Destination · Ilidža · 3 min read

Vrelo Bosne

The source of the Bosna river. Cold springs, willow paths, swans, and a 3.5 km Habsburg avenue of plane trees to walk you in.

Established
Park laid out from 1885 onward
By
Austro-Hungarian landscaping; Velika Aleja planted 1885
Vrelo Bosne
Ph: Raphael Schön · source · CC BY 2.0

Address

Velika Aleja, Ilidža (end of avenue)

Hours

Open daily, dawn to dusk

Price

Small entrance fee (~2 BAM); fiacre ride ~20 BAM

Getting there

Tram 3 from Baščaršija to Ilidža (~40 min); then walk or fiacre down Velika Aleja

Time needed

Half a day

Best time

Spring through early autumn, especially May to June

Coordinates

43.8189° N 18.2695° E

Vrelo Bosne is the point where one of Bosnia’s defining rivers begins. Beneath the slopes of Mount Igman, cold water rises through limestone into a series of crystalline pools, threads itself through small wooded islands, and gathers into the channel that runs north through the country and lends its name to Bosnia itself. The springs sit about ten kilometres west of central Sarajevo, in the spa-town suburb of Ilidža, and have been one of the city’s most-loved public spaces for nearly 140 years.

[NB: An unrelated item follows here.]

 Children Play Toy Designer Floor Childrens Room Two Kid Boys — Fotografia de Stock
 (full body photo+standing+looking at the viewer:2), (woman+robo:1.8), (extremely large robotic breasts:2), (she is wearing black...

A small wooden footbridge crossing one of the springs at Vrelo Bosne, surrounded by trees and water.
A footbridge over one of the springs. Photograph: Raphael Schön, Wikimedia Commons, CC BY 2.0

A Habsburg park

The springs are ancient. Romans built villas around them in the second century AD, when this was Aquae Sulphurae, the sulphurous waters. But the park you walk today was laid out by the Austro-Hungarians in the late 19th century. Ilidža was developed as a spa resort under Habsburg rule, and in 1885 the imperial administration planted Velika Aleja, the 3.5-kilometre avenue of plane and horse-chestnut trees that leads from the spa hotels to the springs. The trees were saplings then. They are now monumental.

It is one of the great walks in Bosnia and one of the great horse-carriage rides. Fiacres (open carriages drawn by a pair of horses) wait at the entrance and trot you down the avenue for about 20 BAM each way. The sound of hoofbeats on the cobbles has been the soundtrack here since the empire ended.

At the end of the avenue

The park opens out into a landscape of footbridges, gravel paths, small wooded islands, and the springs themselves. The water is a constant 7 to 10 °C year-round, fed from underground aquifers in the limestone of Mount Igman. A well-established population of swans glides on the larger pools. There are picnic meadows under the willows, a couple of unfussy cafés selling cold drinks, and almost always a Bosnian family or two making a properly slow afternoon of it.

You can wade in the shallow streams if you want to. Bring a towel. The springs themselves are roped off as a protected nature reserve.

What to do here

There is, deliberately, not much to do. That is the appeal. Walk slowly. Find a bench. Read for an hour. Buy a small ice cream from a kiosk. Watch the swans for a while.

For a longer outing, the Plandište picnic area sits about a kilometre upstream from the main springs, and quieter trails continue further into the woods toward Mount Igman. The Roman Bridge at Ilidža (we have a separate page on it) is on the parallel road and worth 30 minutes on the walk back.

Practicalities

Take tram 3 from central Sarajevo to its terminus at Ilidža, about 40 minutes from the bazaar. From the tram stop walk 20 minutes through the spa district to the start of Velika Aleja. You can also catch a fiacre at the entrance.

A small entrance fee (a couple of marks) gets you into the park. Open dawn to dusk. The springs are most theatrical in spring, when meltwater from Igman makes them roar. In late summer the flow is calmer, the colours deeper, the swans showier.

It is the closest thing Sarajevo has to a public Eden. Go on a weekday morning if you can. Sundays belong to the families.